[Caption-style text data]
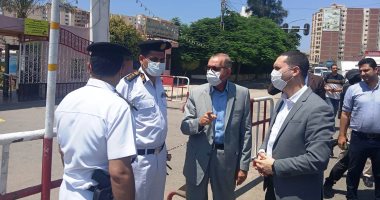 محافظ كفر الشيخ يتابع الحركة المرورية ويستمع لعدد من المواطنين 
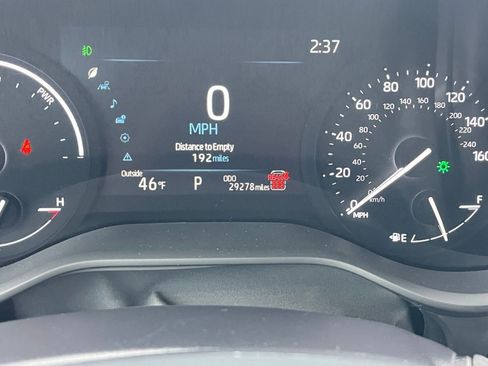 Used 2025 Toyota Sienna XLE image 42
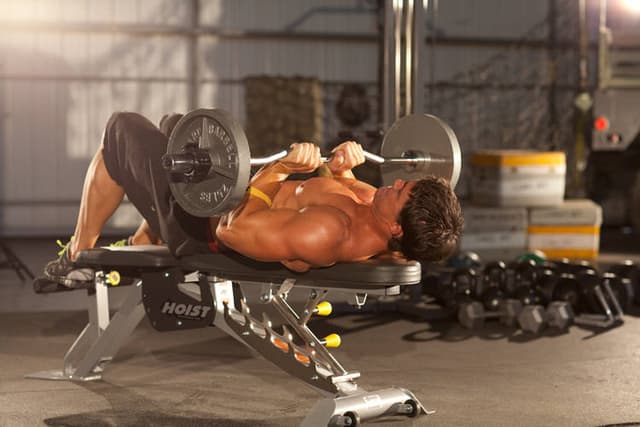 Close-Grip EZ-Bar Press - view 2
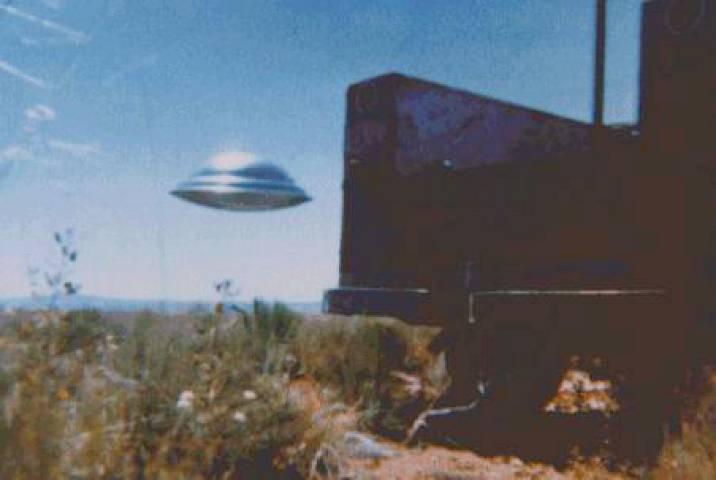 Datei:UFO.jpg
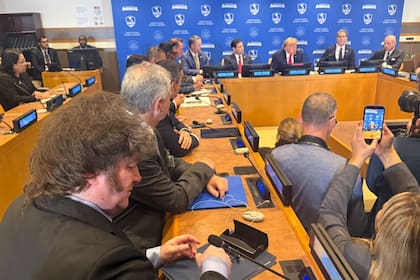 Javier Milei escucha a Donald Trump en la sede de la ONU en Nueva York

#### EXERCISE OBJECTIVE
Print each entry above exactly. The pictures should not be printed.

#### REPLY TO THE TASK
 محافظ كفر الشيخ يتابع الحركة المرورية ويستمع لعدد من المواطنين 
 Used 2025 Toyota Sienna XLE image 42
 Close-Grip EZ-Bar Press - view 2
 Datei:UFO.jpg
 Javier Milei escucha a Donald Trump en la sede de la ONU en Nueva York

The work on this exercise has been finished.